24 May, 2013
Boza is an ancient drink which originated in Mesopotamia 8000-9000 years ago. Starting from the 13th century, with the Ottoman invasion of Anatolia, the Turks introduced the drink under the name 'boza' to the Balkans. The name derives from the Persian word 'buze', meaning 'millet'. The boza produced at that time was sour and contained small amounts of alcohol. In the 17th century, Sultan Mehmed 4th prohibited the consumption of alcoholic drinks, including boza, in the Ottoman Empire. After around two hundred years, the sweet and non-alcoholic Albanian boza became the most popular and dominant type of boza in the Ottoman Empire.
In Albania, boza has traditionally been produced in the region of Kukes, in the northeastern part of the country. It consists of four ingredients: corn (maize) flour, wheat flour, sugar and water. The Albanian boza differs from boza produced in other regions, as the main ingredient of it is corn, while in other countries, such as in Turkey, Bulgaria, and Macedonia, the main component is usually either bulgur, millet, barley or chick peas. Albanian boza has a creamy light yellow colour and it is rather thick in consistency. After bottling, boza should be stored in a temperature of 2-3 degrees C. In these conditions, the drink can be preserved up to a month. Boza should not be allowed to freeze.

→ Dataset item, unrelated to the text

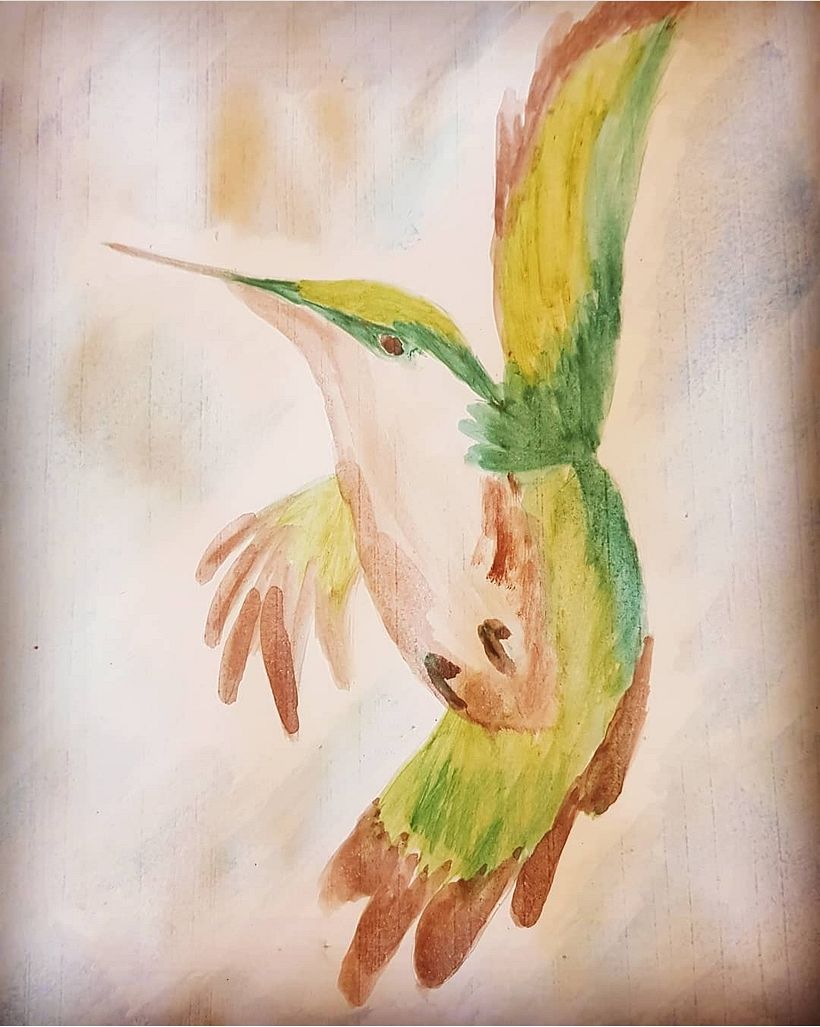 Mi cielo mis pajaros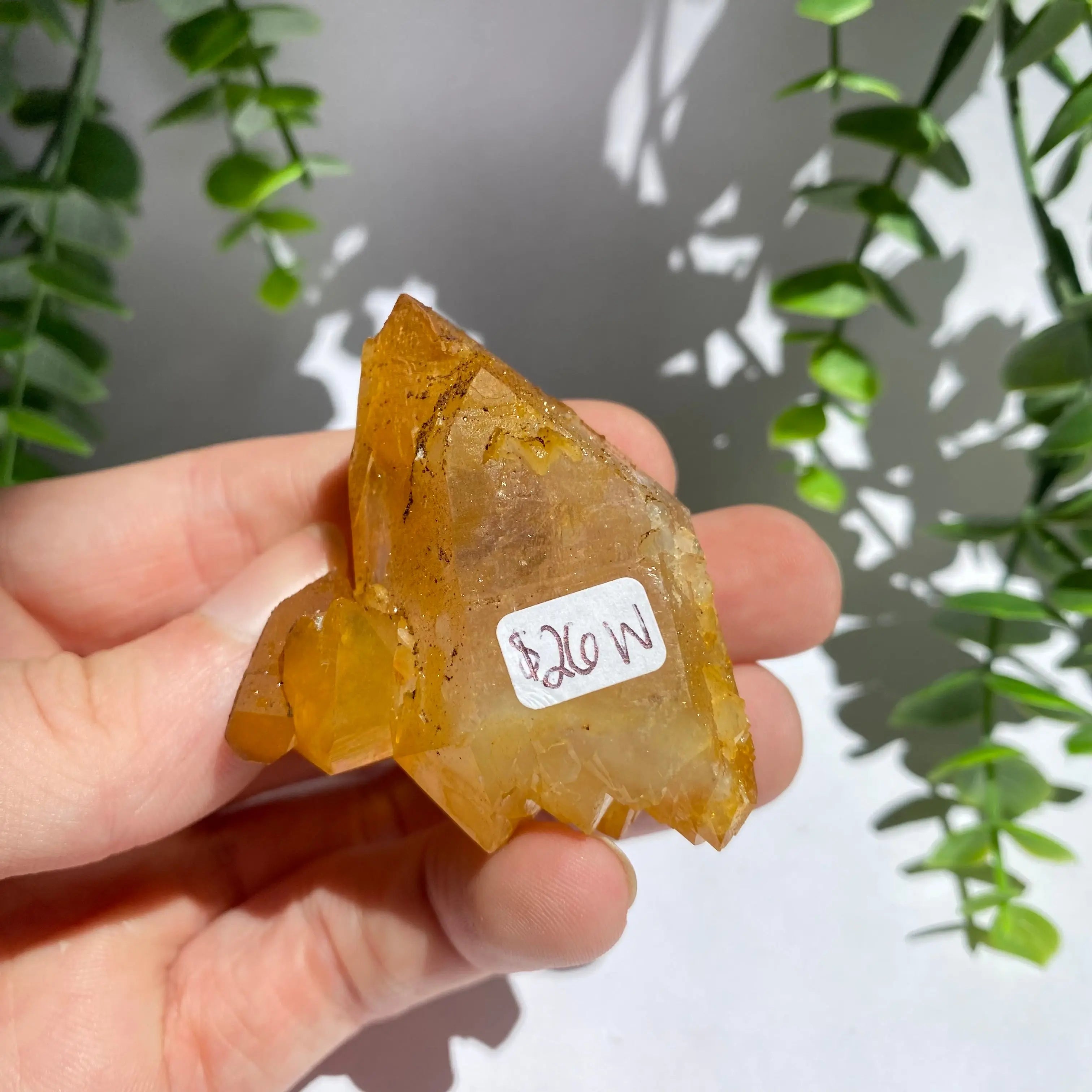 Golden Healer Cluster Arabella Crystals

Boza has been found to have several health benefits: the drink helps to balance blood pressure, to increase milk production in lactating women and to facilitate digestion. The drink is a valuable nutrient to physically active people, as it contains vitamins A, C, E and four types of vitamin B. Boza is especially suitable for vegetarians and vegans, as it is entirely plant-based and a good source of vitamins and thus constitutes a good substitute for dairy-based drinks. With the accession of Bulgaria in the EU, boza is increasingly being introduced to the EU and sometimes advertised as a drink which enlarges women's breasts. However, this information is controversial and has not been scientifically proved.
After the fall of communism in Albania in 1990, boza lost its popularity in the southern part of Albania. Up to 2003, until the establishment of the Pacara Boza enterprise in Tirana, the drink was produced only in very small quantities in the capital. Today, boza has regained its popularity in Tirana, as it is sold in the majority of the city's grocery stores.